Propor calm down.

I'm using greylisting since ages and have no problem with gmail and such. 
Google uses mailnly 2, maybe 3 IPs. Mails may sometime arrive a bit later, it's 
true but it's not a serious issue...

Andrea Brancatelli
Inviato da iPad

Il giorno 30/dic/2010, alle ore 18:54, "Tomas Kuliavas" 
<[email protected]> ha scritto:

> 2010.12.30 19:29 Gordan Bobic rašė:
>> Tomas Kuliavas wrote:
>> 
>>>>>    Can I collect opinions here about favorite/least favorite spam
>>>>>    filtering packages, for use in a dbmail environment?
>>>>> 
>>>>>    What have you had luck with? What works best? What's your opinion?

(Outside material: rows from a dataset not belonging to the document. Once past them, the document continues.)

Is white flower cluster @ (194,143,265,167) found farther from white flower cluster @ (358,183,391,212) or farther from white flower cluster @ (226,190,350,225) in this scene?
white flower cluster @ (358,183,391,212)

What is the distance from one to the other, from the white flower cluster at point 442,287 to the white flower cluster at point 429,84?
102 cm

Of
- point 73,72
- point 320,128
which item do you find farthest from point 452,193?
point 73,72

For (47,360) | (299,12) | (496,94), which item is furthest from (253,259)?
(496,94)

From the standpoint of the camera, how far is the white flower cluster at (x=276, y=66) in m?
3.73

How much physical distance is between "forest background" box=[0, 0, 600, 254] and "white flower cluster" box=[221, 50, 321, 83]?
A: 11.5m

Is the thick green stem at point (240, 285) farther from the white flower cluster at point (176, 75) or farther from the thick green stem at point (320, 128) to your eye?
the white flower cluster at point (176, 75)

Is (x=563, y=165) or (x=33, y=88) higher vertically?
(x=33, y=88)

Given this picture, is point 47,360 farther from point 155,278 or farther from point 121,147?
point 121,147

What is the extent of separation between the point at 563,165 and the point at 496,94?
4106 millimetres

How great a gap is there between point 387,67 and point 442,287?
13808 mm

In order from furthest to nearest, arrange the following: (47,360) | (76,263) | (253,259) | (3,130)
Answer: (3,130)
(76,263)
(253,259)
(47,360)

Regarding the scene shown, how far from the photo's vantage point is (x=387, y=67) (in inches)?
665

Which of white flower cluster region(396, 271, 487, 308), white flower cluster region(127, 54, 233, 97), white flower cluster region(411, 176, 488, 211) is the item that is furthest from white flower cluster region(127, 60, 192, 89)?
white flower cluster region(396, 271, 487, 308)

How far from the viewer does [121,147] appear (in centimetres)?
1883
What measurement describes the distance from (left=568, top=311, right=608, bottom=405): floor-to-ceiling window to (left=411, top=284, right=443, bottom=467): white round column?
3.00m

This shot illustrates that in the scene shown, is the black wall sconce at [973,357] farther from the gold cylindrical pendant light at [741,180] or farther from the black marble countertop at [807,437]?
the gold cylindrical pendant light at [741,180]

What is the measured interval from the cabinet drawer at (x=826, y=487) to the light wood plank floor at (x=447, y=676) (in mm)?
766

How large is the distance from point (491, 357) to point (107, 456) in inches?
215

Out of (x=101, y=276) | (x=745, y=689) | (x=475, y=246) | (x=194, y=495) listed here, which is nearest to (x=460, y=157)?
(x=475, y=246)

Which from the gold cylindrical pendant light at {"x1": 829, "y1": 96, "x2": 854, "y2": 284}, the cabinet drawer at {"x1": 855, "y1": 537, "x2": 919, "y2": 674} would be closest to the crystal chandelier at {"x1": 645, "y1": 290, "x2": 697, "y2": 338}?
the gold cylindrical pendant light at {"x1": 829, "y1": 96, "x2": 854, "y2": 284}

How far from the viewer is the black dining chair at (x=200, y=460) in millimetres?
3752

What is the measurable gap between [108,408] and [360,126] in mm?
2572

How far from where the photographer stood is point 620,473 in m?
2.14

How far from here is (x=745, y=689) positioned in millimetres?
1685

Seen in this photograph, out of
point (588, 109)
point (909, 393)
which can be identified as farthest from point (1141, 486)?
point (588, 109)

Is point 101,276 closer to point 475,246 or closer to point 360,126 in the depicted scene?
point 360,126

>>>>>    Which should a happy dbmail (postfix) user, now getting too much
>>>>>    spam, use for filtration?
>>>>> 
>>>>>    TIA, Lou Picciano
>>>>> 
>>>>> I'm using sqlgrey (postgrey implementation with database (mysql)) and
>>>>> spamassassin. So far so good. sqlgrey is the best tool (to my
>>>>> knowledge)
>>>>> for front-line protection against spam before spamassassin takes over
>>>>> the job. I'm welcome for other suggestions.

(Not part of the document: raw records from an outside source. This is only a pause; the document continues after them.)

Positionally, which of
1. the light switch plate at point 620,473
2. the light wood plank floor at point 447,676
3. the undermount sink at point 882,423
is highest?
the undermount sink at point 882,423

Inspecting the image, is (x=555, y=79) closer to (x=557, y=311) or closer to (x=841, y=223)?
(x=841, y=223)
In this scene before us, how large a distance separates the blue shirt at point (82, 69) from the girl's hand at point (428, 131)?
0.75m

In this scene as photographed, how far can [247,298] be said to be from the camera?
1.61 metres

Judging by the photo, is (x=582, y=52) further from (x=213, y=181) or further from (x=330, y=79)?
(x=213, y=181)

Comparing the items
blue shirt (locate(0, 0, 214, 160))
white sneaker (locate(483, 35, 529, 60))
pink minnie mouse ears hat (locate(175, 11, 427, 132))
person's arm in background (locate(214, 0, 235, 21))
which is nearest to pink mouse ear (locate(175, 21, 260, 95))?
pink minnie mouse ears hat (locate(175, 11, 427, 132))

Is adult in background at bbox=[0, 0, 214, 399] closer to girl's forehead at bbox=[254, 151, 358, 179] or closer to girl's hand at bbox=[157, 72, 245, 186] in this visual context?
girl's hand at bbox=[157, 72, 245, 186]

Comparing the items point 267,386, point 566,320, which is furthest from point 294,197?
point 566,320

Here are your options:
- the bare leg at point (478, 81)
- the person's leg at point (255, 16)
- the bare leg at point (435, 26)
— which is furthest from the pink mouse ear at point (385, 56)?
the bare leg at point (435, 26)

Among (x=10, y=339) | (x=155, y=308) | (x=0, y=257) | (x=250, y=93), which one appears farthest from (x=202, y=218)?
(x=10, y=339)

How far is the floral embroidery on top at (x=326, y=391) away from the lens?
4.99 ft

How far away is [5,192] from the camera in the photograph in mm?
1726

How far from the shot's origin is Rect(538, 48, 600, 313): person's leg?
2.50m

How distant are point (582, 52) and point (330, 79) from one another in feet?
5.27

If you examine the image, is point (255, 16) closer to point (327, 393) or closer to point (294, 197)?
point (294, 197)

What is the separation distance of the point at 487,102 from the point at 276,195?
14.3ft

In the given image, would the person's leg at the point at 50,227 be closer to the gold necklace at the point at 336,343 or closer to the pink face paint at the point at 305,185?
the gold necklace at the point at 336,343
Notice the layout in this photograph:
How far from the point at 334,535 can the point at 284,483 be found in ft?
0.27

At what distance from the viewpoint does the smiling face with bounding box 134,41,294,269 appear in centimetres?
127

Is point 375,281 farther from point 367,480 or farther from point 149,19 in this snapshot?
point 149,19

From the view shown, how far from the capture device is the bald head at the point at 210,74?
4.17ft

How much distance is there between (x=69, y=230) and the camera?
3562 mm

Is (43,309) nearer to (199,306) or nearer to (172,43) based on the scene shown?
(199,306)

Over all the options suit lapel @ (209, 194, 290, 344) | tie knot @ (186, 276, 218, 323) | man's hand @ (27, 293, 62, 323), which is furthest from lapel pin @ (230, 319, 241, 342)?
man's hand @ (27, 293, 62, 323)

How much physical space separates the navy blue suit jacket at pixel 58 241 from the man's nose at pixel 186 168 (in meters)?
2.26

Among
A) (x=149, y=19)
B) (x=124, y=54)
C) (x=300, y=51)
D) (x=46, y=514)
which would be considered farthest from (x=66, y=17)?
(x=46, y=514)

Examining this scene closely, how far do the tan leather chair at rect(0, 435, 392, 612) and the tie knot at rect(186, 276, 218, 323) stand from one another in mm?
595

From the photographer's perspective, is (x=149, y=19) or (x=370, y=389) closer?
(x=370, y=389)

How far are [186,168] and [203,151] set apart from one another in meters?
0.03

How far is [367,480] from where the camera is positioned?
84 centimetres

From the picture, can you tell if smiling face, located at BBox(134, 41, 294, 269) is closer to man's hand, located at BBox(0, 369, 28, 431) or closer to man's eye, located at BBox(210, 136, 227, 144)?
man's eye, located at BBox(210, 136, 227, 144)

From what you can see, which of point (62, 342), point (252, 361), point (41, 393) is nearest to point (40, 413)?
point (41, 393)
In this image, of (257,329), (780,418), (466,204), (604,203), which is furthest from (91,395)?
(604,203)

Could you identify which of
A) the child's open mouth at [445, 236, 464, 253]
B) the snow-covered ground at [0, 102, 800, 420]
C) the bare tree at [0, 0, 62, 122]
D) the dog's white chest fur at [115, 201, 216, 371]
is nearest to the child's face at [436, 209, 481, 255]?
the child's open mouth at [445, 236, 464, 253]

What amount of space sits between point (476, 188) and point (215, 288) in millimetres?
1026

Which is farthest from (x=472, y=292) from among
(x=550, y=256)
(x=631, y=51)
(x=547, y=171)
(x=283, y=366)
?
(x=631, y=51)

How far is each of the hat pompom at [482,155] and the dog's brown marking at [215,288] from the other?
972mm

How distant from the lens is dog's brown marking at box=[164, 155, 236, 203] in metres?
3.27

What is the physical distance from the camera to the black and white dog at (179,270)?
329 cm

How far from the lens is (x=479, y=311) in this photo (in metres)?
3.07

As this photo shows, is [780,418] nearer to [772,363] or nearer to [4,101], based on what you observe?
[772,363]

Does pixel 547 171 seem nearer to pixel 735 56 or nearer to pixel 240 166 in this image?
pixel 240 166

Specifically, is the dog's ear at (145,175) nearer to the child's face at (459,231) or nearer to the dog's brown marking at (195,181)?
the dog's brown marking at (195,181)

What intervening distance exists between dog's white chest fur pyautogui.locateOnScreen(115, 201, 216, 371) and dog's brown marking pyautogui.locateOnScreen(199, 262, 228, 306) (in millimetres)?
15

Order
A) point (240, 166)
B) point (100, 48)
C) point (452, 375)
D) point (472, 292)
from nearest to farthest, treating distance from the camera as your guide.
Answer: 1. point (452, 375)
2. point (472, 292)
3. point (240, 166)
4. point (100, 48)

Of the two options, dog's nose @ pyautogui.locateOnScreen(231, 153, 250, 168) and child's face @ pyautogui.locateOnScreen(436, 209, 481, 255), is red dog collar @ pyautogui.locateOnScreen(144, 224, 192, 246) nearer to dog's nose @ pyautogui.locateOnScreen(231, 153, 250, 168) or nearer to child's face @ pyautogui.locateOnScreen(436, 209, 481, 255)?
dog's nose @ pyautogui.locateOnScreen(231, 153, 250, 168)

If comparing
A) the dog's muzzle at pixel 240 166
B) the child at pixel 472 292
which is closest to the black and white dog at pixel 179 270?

>>>> So, you don't mind not receiving mail from multi-homed hosts (*cough*
>>>> gmail *cough*)? Greylistting's very concept is broken by design.
>>> 
>>> So using myriad of outgoing email servers is not something unusual.
>> 
>> You are missing the point. Consider this scenario. A server has multiple
>> NICs on different networks, all routing to the internet. The default
>> route gets rotated around (when it expires, after a few minutes) in
>> order to load balance. This sort of a setup is fairly common on big
>> installations (helps with resiliency, too).
>> 
>> So, such a server gets a message in it's outbound spool. It tries to
>> deliver it to you via one of it's several routes/NICs. You see the
>> connection, greylist it and temporarily reject. Server goes away for a
>> bit. By the time it retries, the route has expired, and you get an
>> incoming connection from the same server but from a different source IP.

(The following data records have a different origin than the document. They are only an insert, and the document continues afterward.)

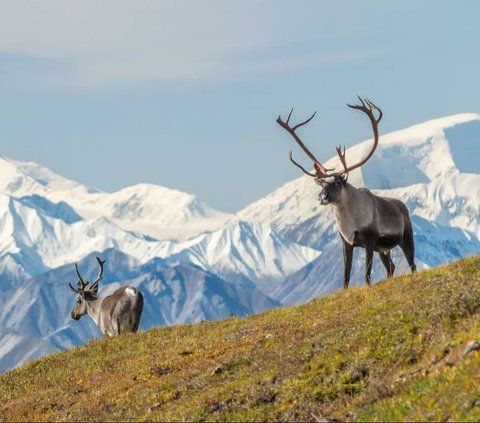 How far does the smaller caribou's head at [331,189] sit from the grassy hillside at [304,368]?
3810 millimetres

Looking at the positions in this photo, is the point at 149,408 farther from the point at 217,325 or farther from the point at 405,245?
the point at 405,245

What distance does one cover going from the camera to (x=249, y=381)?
847 inches

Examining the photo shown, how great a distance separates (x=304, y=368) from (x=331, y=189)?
13514 mm

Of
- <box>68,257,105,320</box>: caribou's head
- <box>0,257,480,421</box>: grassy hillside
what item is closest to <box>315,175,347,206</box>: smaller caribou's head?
<box>0,257,480,421</box>: grassy hillside

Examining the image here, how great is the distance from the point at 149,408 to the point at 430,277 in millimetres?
9560

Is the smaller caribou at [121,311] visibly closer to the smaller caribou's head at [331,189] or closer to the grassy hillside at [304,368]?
the grassy hillside at [304,368]

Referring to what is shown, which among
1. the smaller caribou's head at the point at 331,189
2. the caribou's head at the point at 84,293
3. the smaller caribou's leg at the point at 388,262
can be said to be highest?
the smaller caribou's head at the point at 331,189

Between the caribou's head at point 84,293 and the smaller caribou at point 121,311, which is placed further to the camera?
the caribou's head at point 84,293

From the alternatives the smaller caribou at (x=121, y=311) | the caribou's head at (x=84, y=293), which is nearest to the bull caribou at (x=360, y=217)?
the smaller caribou at (x=121, y=311)

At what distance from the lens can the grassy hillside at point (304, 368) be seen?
714 inches

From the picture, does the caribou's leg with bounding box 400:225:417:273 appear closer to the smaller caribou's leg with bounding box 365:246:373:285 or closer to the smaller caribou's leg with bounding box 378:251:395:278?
the smaller caribou's leg with bounding box 378:251:395:278

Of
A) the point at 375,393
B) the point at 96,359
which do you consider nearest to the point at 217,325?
the point at 96,359

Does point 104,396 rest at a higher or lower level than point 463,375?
lower

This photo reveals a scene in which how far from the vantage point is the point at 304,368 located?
2133cm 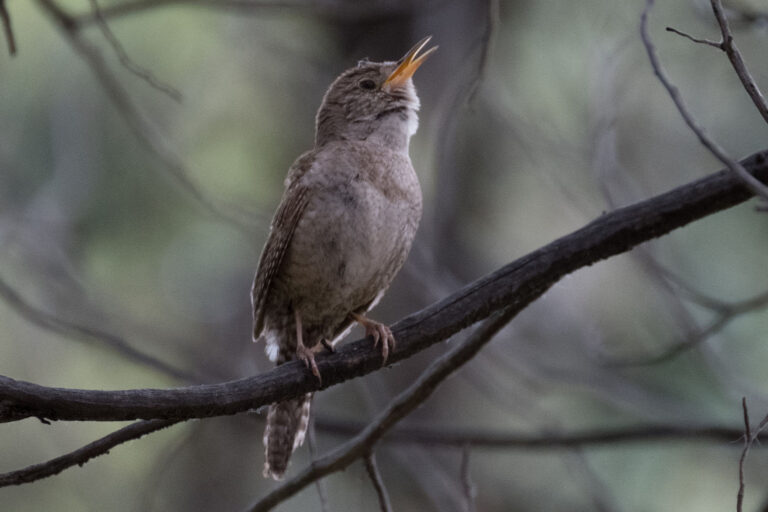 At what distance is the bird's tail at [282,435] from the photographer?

>> Your greylist hasn't seen that IP, so you temporarily reject again. This
>> can go on forever. Some of your mail might get lucky and get through.
>> Most will probably get massively delayed, and some will likely keep
>> bouncing in the outgoing spool until it expires and bounces back,
>> several days later.
> 
> So network design with routes that last less than couple of hours is
> perfectly ok? Trying to feed same email from different locations is
> exactly what spammer would do.
> 
>>> Anyone who does not like some tool can call it broken by design.
>> 
>> You are mixing up cause and effect. I dislike tools if they are broken.
>> I don't call them broken because I dislike them.
> 
> If you have information that tool has problems with some types of
> networking setups, you should say that it has problems with such setups.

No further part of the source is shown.